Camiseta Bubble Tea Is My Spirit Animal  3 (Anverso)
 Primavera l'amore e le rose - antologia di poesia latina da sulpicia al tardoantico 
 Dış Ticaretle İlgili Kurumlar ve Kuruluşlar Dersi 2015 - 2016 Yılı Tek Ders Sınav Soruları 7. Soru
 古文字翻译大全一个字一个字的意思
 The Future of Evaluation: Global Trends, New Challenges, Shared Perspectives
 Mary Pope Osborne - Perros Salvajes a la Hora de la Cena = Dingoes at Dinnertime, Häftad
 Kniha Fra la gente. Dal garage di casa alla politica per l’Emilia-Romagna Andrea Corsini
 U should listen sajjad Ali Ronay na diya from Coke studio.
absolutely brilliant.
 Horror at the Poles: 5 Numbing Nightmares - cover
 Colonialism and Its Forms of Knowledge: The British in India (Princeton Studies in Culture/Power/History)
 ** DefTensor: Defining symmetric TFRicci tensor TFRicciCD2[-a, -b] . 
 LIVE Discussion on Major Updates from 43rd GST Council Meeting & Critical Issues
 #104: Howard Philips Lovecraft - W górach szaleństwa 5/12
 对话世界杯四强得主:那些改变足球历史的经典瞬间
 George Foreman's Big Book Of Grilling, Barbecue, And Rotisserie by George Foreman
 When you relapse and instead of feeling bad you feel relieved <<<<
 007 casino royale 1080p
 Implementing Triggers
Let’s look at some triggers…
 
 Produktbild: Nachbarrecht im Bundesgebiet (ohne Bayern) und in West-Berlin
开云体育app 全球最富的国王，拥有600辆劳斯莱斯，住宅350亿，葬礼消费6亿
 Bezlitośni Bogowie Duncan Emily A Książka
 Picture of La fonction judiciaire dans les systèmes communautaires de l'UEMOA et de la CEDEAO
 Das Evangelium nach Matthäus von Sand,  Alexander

Your assignment: The expected result is an exact transcription of the lines from the one containing "#104: Howard Philips" through the end of the records above; please include both ends.

Finished task:
 #104: Howard Philips Lovecraft - W górach szaleństwa 5/12
 对话世界杯四强得主:那些改变足球历史的经典瞬间
 George Foreman's Big Book Of Grilling, Barbecue, And Rotisserie by George Foreman
 When you relapse and instead of feeling bad you feel relieved <<<<
 007 casino royale 1080p
 Implementing Triggers
Let’s look at some triggers…
 
 Produktbild: Nachbarrecht im Bundesgebiet (ohne Bayern) und in West-Berlin
开云体育app 全球最富的国王，拥有600辆劳斯莱斯，住宅350亿，葬礼消费6亿
 Bezlitośni Bogowie Duncan Emily A Książka
 Picture of La fonction judiciaire dans les systèmes communautaires de l'UEMOA et de la CEDEAO
 Das Evangelium nach Matthäus von Sand,  Alexander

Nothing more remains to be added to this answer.